At the moments at which the qualifying and privileged compositions come into force, the one that has more advantages is resorted to. For example, if there was infliction of fatal injuries in a state of emotional instability, the defendant will be responsible for the action under Article 107 of the Criminal Code of the Russian Federation.
Competition of norms: concept, types and methods of resolution.
The legal framework for resolving this situation is contained in Part 3 of Art. 17 of the Criminal Code of the Russian Federation, which states that “if a crime is provided for by general and special norms, there is no totality of crimes and criminal liability arises according to the special norm.” The legal basis of the stated legislative prescription is the classic rule of interpretation of laws: a special law cancels the effect of a general one (lex specialis derogat legi general!).
That is, if the qualifying act has the characteristics of the composition specified in the special norm, the special rather than the general norm is subject to application.

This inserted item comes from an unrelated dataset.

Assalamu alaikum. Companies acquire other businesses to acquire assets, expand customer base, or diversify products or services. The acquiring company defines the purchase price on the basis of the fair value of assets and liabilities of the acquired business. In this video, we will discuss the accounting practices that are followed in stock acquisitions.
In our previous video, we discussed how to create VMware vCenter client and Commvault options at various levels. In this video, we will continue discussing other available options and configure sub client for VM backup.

To simplify the criminal legal assessment of established acts, it is necessary to consider the various manifestations of qualifications in the competition of general and special from the point of view of the manifestation of the relationships between several: 1) articles; 2) parts of one article.
The competition of several articles of the Special Part of the criminal legislation is manifested primarily through the ratio of elements of various crimes.

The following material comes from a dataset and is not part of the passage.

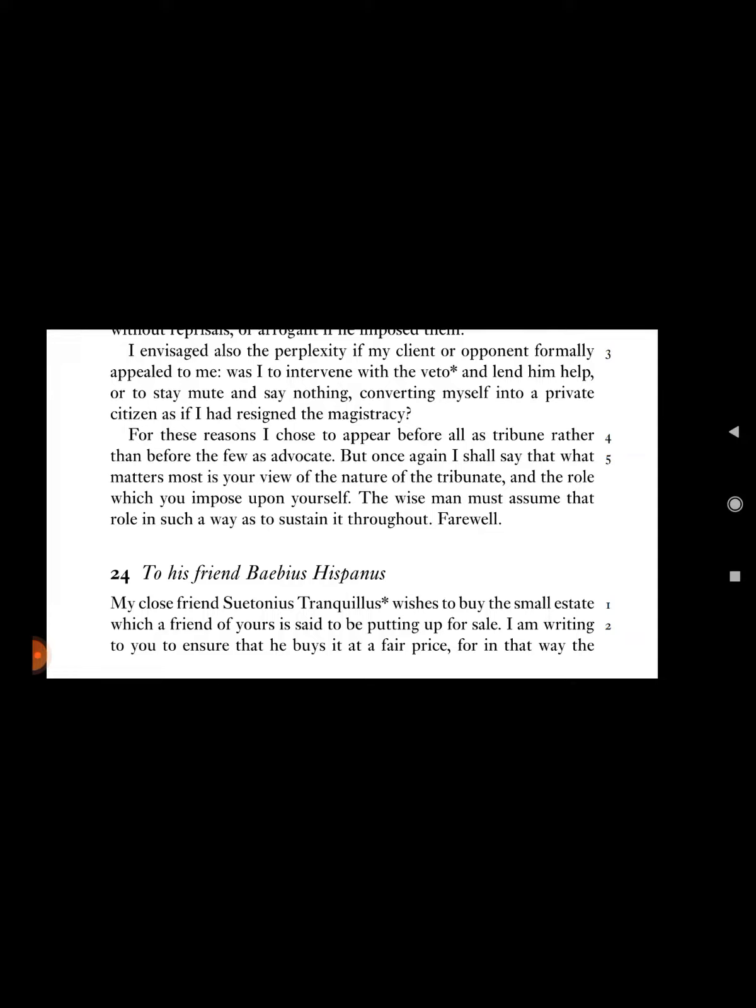For these reasons I chose to appear before all as tribune rather than before the law as advocate. But once again, I shall say that what matters most is your view of the nature of the tribunate and the role which you impose upon yourself. The wise man must assume that role in such a way as to sustain it throughout. Farewell.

Thus, in paragraph 4 of the resolution of the Plenum of the Supreme Court of the Russian Federation dated June 5, 2002 No. 14 “On judicial practice in cases of violation of fire safety rules, destruction or damage to property by arson or as a result of careless handling of fire” it is explained that “if The cause of the fire was a violation of safety rules at nuclear power facilities, at explosive sites, during mining, construction or other work, violation of the rules for accounting, storage, transportation and use of explosives, pyrotechnic products, etc., the act is covered by special crimes (Articles 215-218 of the Criminal Code of the Russian Federation, etc.) and additional post qualifications. 219 of the Criminal Code of the Russian Federation does not require”3. The latter follows from the fact that in Art. 219 of the Criminal Code of the Russian Federation establishes liability for any violation of fire safety rules (general norm).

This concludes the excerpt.